HOUSTON, TX.- Asia Society Texas Center
welcomes Houston-based artist Hong Hong in a new free exhibition of her large-scale paper works on view now through July 25, 2021. In this site-responsive installation, The Mountain That Does Not Describe a Circle responds to the architecture of ASTC as both a support and a counterpoint for ideas of scale, visual perception, and experiential connection.
The Mountain That Does Not Describe a Circle, which includes 25 works in 5 different installations, invites viewers to more deeply consider the material structure and surfaces of paper, its function, and its ability to communicate a broad range of information. While handwriting or printed text is on most of the paper we encounter, these works by Hong Hong feature mark-making of their own which can be read through the lens of gesture the gestures of the artist as she pours the paper pulp into the modular mould and deckle to make each large sheet of paper; arranging and layering the colored fibers to create specific shapes, lines, and textures; and affixing tape to the papers surface.
Using the inner bark harvested from mulberry trees, she cooks and then beats the bark by hand. With the addition of fiber-reactive dyes and water, a pulp is created which she pours into an immense single sheet outside under the open sky, adding successive layers as she circumambulates the horizontal frame. Once the water has sufficiently evaporated from the sheet, it is pulled off the mould and then immediately cut into two.
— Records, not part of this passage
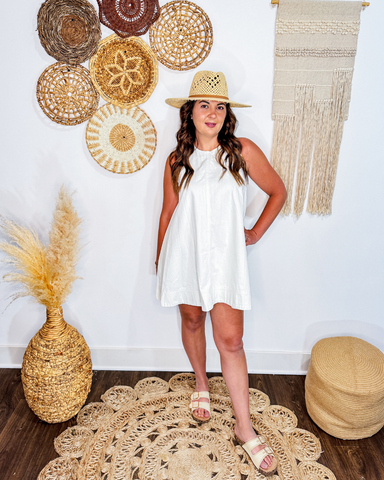 Lighthouse Point A Line Dress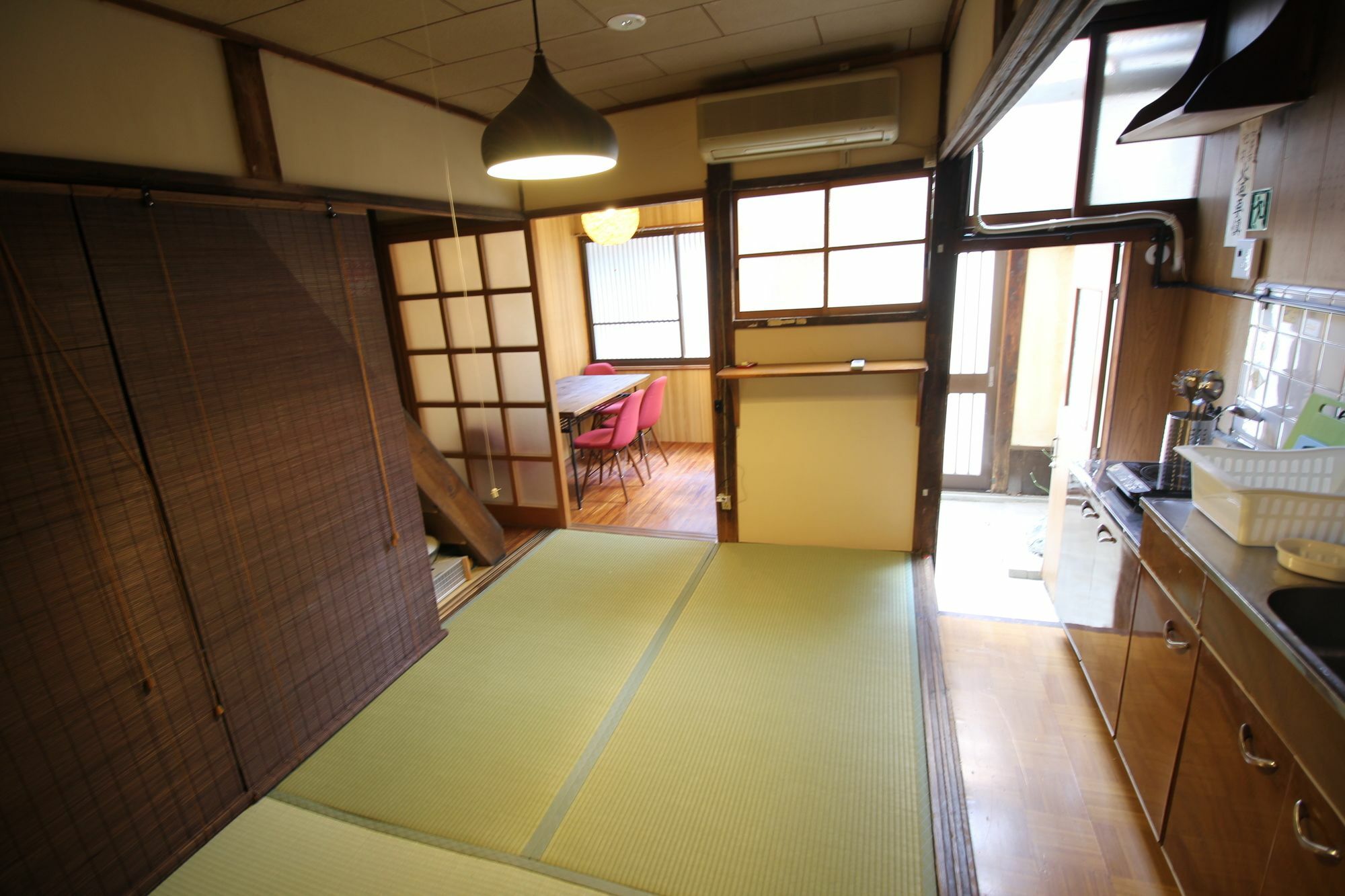 Villa Kyoto Oyado Heian Jingu Esterno foto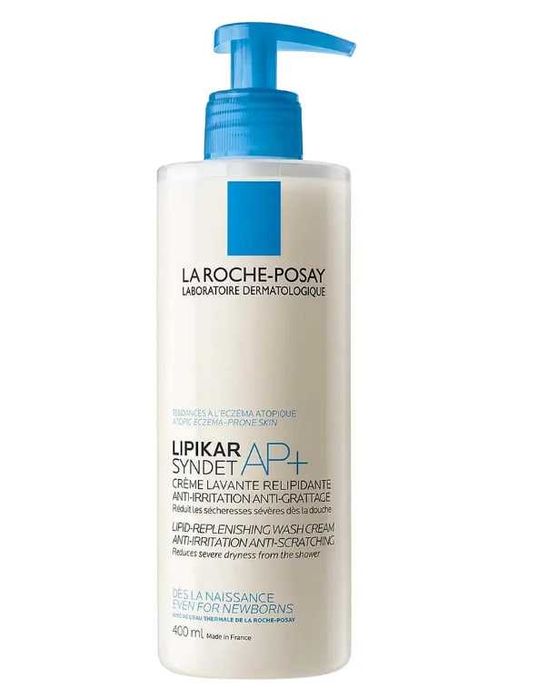 La Roche-Posay Lipikar Syndet АР+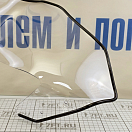 Купить Стекло ветровое Полиуретан 50-44-481Pc 460x2мм базовое из монолитного поликарбоната с окантовкой для снегоходов BRP SUMMIT/MXZ на платформе REV-XM/REV-XS 2013- 7ft.ru в интернет магазине Семь Футов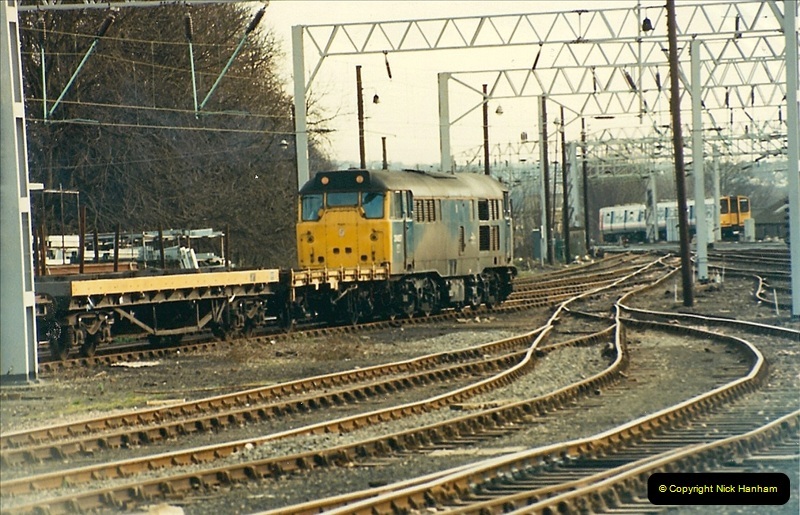 1989-02-11 Watford, Hertfordshire.  (11)0027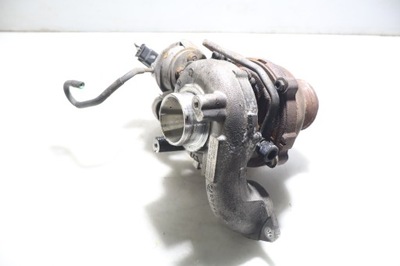 TURBINA FORD FOCUS 3 MK3 1.6TDCI  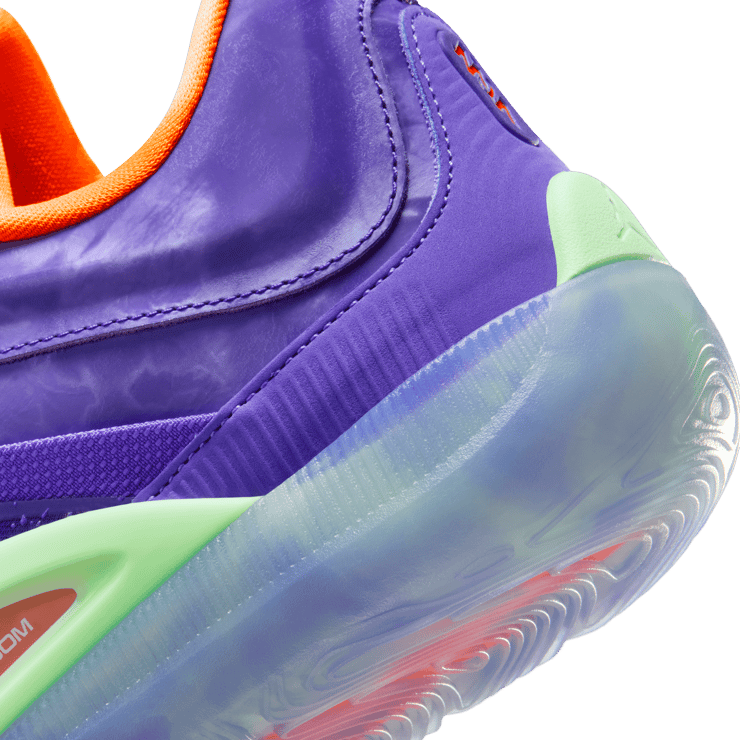 Jordan Zion 4 Rare Form Angle 6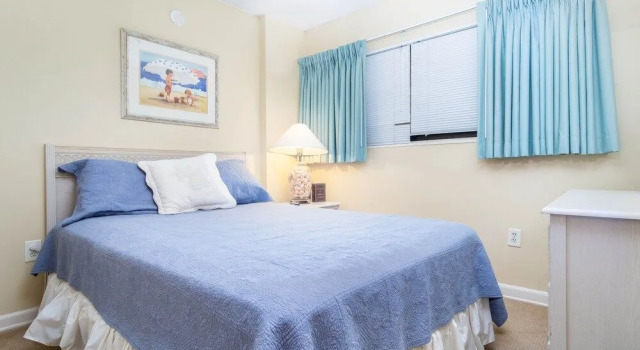 South Ocean Condo 2307 by RedAwning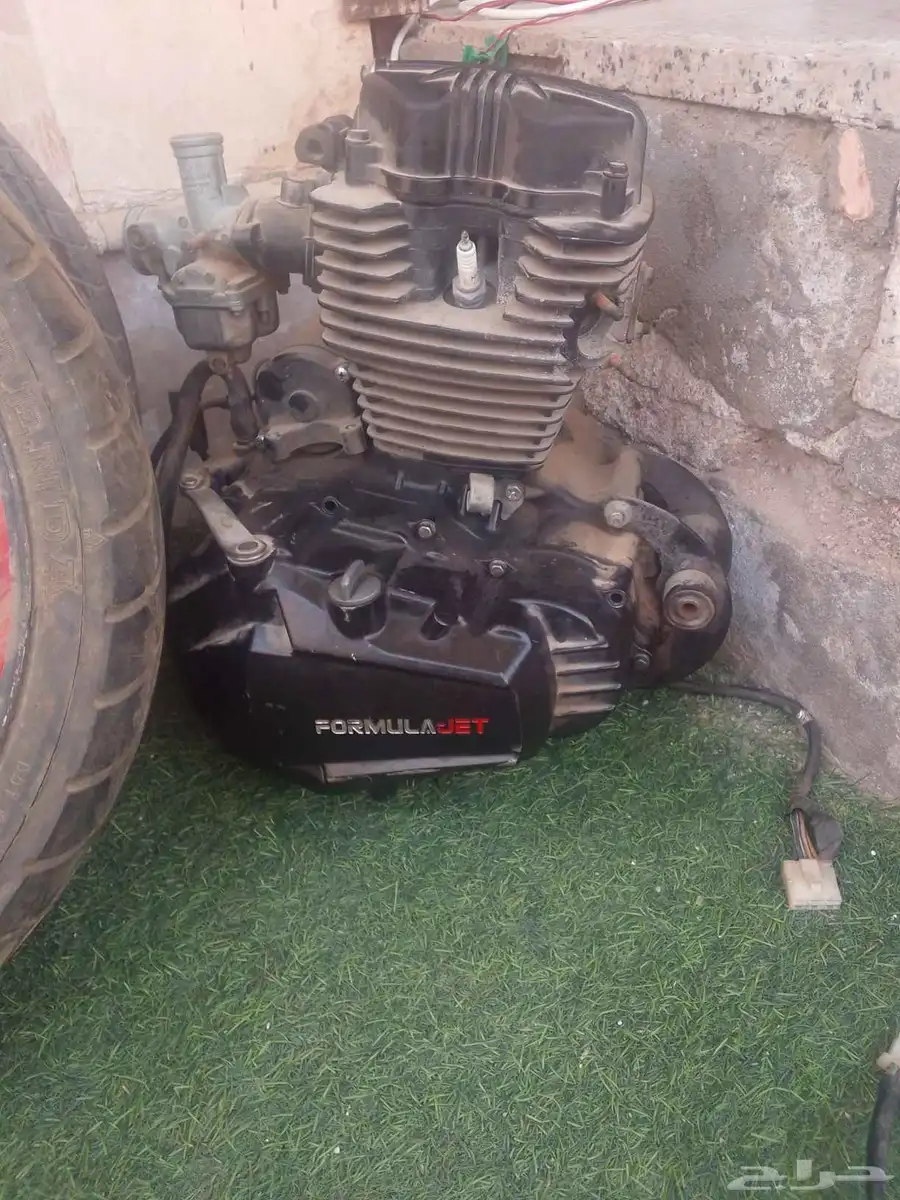 مستعمل قطع غيار دباب 250 سبورت صيني فورمولا جت 1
This ritual process of creation, with its physical demands and cyclical patterns, grounds Hongs practice and opens a channel of communication between present and past, the artist and her ancestors, and the mundane and the divine.
Hong Hong (b. 1989, Hefei, China, lives and works in Houston) is an interdisciplinary artist whose practice spans craft, painting, performance, and earthwork. She immigrated with her family to North Dakota when she was ten years old. Hong earned her MFA from University of Georgia in 2014 and her BFA from the State University of New York in 2011. Since then, Hong has traveled to different locations across the United States to make site-responsive, monumental paper-works. These investigations have been exhibited in solo and group exhibitions at Crystal Bridges Museum of American Art, Georgia Museum of Art, Art League Houston, Penland School of Craft, Madison Museum of Fine Art, Pittsburgh Center for the Arts, Jewett Arts Center, and New Mexico History Museum. She has been commissioned to create public projects for Real Art Ways, Center for the Arts at Wesleyan University, and Artspace New Haven.
Hong is the recipient of fellowships and grants from MacDowell, Yaddo, National Endowment for the Arts, Foundation for Contemporary Arts, Vermont Studio Center, Connecticut Office for the Arts, Houston Center for Contemporary Craft, Greater Hartford Arts Council, and The Edward C. and Ann T. Roberts Foundation. Her work has been reviewed by Art21, Hyperallergic, Artnet News, Art New England, Virtual Asian American Art Museum, Southwest Contemporary, Hand Papermaking, Glasstire, Two Coats of Paint, and Yale Daily News. She has lectured and taught at the School of the Art Institute of Chicago, Wadsworth Atheneum Museum of Art, Women's Studio Workshop, Wellesley College, Hartford Art School, and University of Oregon.